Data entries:
---
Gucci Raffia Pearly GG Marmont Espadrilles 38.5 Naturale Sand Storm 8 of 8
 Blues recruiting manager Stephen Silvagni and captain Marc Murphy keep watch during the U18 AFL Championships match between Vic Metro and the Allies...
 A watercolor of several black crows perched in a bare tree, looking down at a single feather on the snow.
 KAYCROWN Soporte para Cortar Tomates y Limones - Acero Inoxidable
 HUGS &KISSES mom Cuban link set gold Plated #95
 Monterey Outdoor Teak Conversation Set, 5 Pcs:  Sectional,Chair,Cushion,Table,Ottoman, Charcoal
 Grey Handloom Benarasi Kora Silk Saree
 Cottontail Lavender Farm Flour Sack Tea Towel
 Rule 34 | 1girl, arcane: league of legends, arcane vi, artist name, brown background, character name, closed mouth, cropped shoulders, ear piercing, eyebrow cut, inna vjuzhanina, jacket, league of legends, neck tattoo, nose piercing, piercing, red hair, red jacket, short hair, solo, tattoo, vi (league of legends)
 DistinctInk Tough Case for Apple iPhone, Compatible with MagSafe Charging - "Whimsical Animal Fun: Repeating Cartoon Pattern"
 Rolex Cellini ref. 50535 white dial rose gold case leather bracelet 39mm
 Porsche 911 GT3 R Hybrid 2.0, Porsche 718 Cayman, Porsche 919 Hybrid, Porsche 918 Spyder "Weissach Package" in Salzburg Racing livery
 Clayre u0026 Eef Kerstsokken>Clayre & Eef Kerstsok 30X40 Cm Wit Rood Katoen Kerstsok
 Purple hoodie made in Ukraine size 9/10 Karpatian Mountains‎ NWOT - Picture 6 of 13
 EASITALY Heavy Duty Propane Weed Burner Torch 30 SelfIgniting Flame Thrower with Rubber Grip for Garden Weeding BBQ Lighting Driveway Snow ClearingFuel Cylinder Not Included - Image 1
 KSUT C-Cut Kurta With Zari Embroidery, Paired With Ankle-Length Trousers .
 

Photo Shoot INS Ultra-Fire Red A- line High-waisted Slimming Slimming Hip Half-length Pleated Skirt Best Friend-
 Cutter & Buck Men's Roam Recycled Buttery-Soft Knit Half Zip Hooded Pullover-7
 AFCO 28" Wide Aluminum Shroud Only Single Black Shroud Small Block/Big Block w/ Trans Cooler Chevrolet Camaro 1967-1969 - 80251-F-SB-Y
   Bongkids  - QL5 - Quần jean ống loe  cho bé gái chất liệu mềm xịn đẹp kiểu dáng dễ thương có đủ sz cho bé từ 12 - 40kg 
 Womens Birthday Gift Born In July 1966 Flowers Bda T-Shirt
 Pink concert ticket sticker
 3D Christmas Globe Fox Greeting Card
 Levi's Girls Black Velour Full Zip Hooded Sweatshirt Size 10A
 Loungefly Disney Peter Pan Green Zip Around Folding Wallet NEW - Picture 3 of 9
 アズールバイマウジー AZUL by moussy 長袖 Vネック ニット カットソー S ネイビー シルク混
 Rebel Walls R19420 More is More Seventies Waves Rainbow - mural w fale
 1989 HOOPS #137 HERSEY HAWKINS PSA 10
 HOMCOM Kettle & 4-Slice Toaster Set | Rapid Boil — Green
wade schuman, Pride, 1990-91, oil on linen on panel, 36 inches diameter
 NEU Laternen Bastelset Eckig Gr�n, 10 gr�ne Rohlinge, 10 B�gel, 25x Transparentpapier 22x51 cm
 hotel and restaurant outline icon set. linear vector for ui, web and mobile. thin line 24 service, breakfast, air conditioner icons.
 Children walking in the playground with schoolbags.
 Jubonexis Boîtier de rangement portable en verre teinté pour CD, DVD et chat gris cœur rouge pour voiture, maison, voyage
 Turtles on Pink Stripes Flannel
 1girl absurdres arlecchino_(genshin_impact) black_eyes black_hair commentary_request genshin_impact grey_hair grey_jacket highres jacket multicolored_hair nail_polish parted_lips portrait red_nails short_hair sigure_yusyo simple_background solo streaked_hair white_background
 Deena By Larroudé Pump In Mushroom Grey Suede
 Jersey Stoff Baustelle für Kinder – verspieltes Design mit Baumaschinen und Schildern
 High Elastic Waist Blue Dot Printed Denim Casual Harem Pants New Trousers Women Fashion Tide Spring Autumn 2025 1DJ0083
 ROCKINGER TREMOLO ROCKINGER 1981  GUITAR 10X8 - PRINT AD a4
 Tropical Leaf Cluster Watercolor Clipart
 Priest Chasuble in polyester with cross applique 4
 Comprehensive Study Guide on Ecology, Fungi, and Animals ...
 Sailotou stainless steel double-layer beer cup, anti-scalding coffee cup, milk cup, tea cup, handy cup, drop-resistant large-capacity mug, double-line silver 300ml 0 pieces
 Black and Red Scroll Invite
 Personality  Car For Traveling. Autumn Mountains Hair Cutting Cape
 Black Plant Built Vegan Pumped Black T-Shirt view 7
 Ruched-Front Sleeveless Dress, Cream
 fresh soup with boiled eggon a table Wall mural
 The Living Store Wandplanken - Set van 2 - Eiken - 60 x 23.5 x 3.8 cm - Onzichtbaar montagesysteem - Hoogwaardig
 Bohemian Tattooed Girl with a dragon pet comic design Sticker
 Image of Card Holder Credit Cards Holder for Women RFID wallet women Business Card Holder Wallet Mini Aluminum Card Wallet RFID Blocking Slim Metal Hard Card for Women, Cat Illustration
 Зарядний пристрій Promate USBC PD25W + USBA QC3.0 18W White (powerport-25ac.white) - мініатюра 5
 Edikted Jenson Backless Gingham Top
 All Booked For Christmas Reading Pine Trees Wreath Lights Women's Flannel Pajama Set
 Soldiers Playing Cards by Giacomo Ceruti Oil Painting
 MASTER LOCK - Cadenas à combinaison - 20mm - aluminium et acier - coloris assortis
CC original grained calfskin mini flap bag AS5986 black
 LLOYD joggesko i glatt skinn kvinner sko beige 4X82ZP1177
---
__Exercise__.
The range runs from the line above containing "Jersey Stoff Baustelle" to the line containing "ROCKINGER TREMOLO ROCKINGER", inclusive. Restate those lines word for word and no others.

__Answer section__.
 Jersey Stoff Baustelle für Kinder – verspieltes Design mit Baumaschinen und Schildern
 High Elastic Waist Blue Dot Printed Denim Casual Harem Pants New Trousers Women Fashion Tide Spring Autumn 2025 1DJ0083
 ROCKINGER TREMOLO ROCKINGER 1981  GUITAR 10X8 - PRINT AD a4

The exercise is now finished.